5.4 GRANT SELECTION COMMITTEE
The Green Grants Selection Committee is assembled with representation from sustainability experts across university administration, faculty, and student stakeholder groups. The Green Grants Program requires consensus among Selection Committee members to award a grant.
Q. What is an EOI? How is it different from a full proposal?
A: The Expression of Interest (EOI) is a document that outlines the concept at an earlier stage in development than the full proposal, though they can also be a “dry run” of the proposal. Unlike proposals, EOIs are non-binding and do not require line-item budgets.
Q. Can I give myself an honorarium as part of my budget?
A. Honoraria can only be paid to individuals who are not affiliated with NYU.
Q. Can I pay for food?
A. Food may be purchased when it is integral to your project’s realization. It would be acceptable if your project is about food justice and culminates in an award ceremony with sustainable food, for example. Providing refreshments for volunteer labor is also acceptable. The quantity and price of food must be within reason and itemized on your budget with an explanation for each purchase.

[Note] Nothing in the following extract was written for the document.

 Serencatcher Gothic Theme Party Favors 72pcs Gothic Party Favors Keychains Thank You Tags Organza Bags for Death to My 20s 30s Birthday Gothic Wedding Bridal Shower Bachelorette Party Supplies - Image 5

Q. Can I contact the Office of Sustainability to ask questions?
A. Yes. If you have reviewed this guide and still have questions, please email email@example.com.
Q. If I am proposing a research grant, can I include travel, training and conference expenses?

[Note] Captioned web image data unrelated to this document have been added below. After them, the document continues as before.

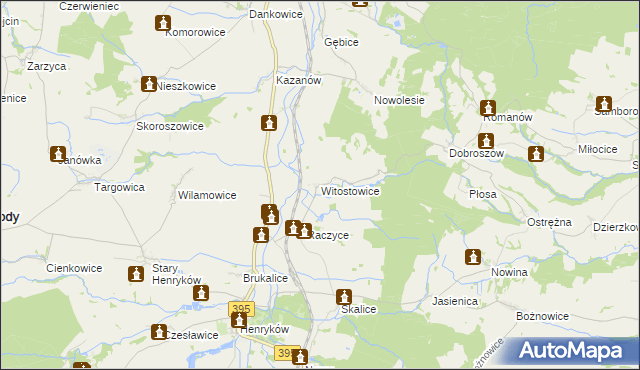 mapa Witostowice, Witostowice na mapie Targeo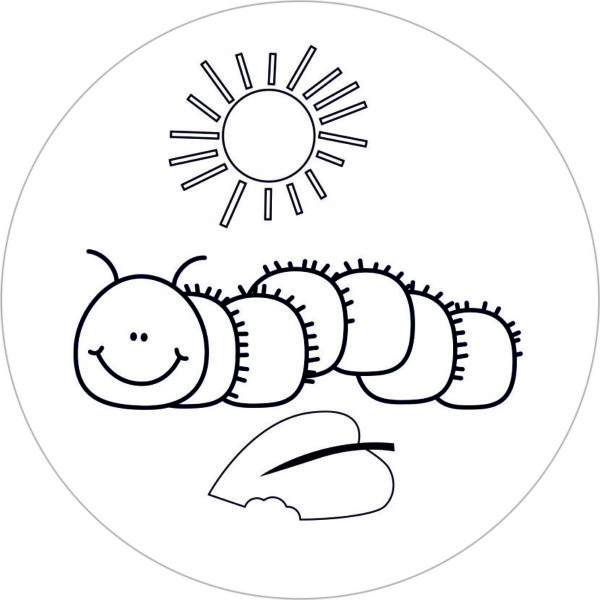 Buttonvorlage zum Ausmalen: Raupe
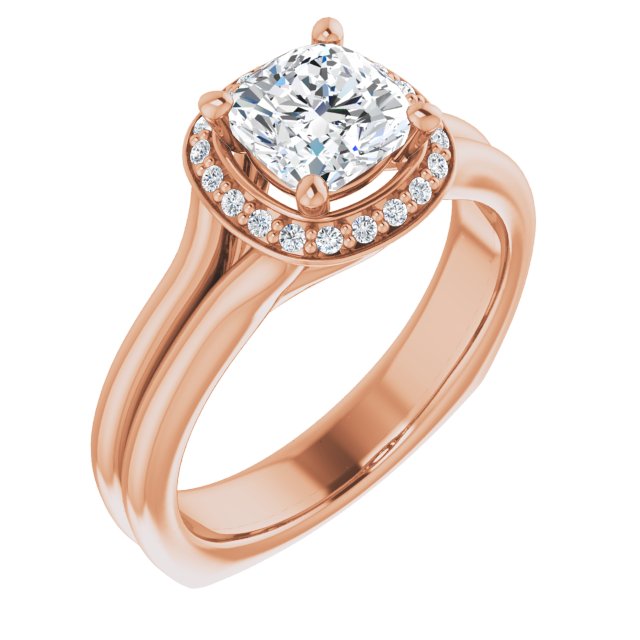 10K Rose Gold Customizable Cushion Cut Style with Halo, Wide Split Band and Euro Shank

A. This program is designed for applied project grants, not travel or conference funds. However, if travel or a conference presentation is integral to your project’s success or completion, exceptions may be granted for local travel.
Q. What is the difference between a project leader and a project team member?

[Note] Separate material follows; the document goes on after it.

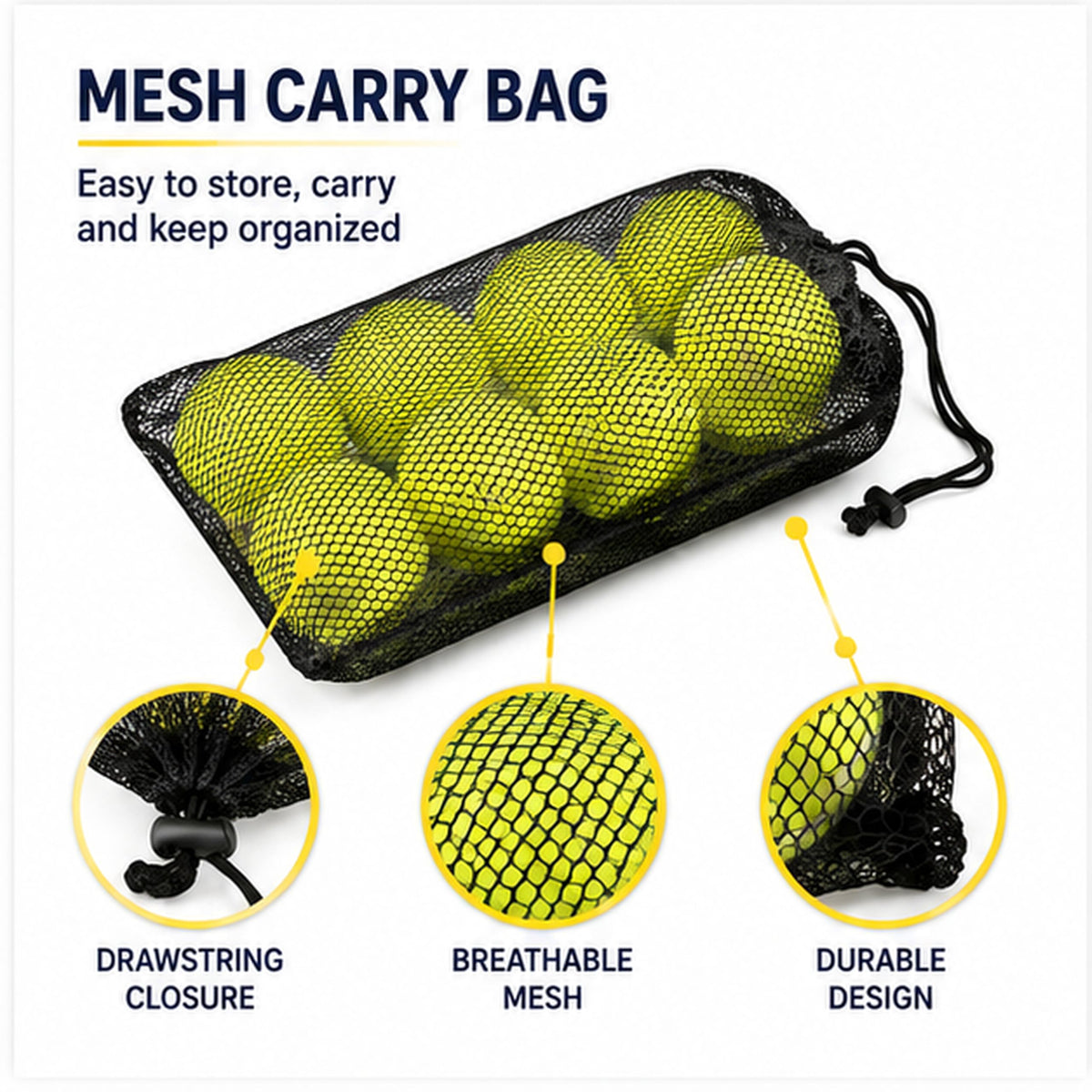 Tennis Balls with Mesh Bag – Pack of 12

A. Project leaders are the individuals responsible for the creation and implementation of the project, and for writing the mid-term and final reports. Projects often require extra people to help carry out aspects of the project, and these individuals are called project team members. Project team members do not need to meet our eligibility requirements.
Q. Can I ask for funding for my thesis, dissertation or faculty research?
A. Yes, so long as your project also adheres to all other criteria contained in this document.
Q. Can my project improve on something that has already been done before?
A. Yes. You should include a clear description of how and by how much your project differs from and improves upon preexisting initiatives.
Q. Can I count my Green Grant work as an independent study?
A. You may use Greens Grant funds in support of a thesis, dissertation research, course study or independent study, but you will still need a faculty sponsor as the Office of Sustainability is not the source of academic objectives, nor do we oversee them.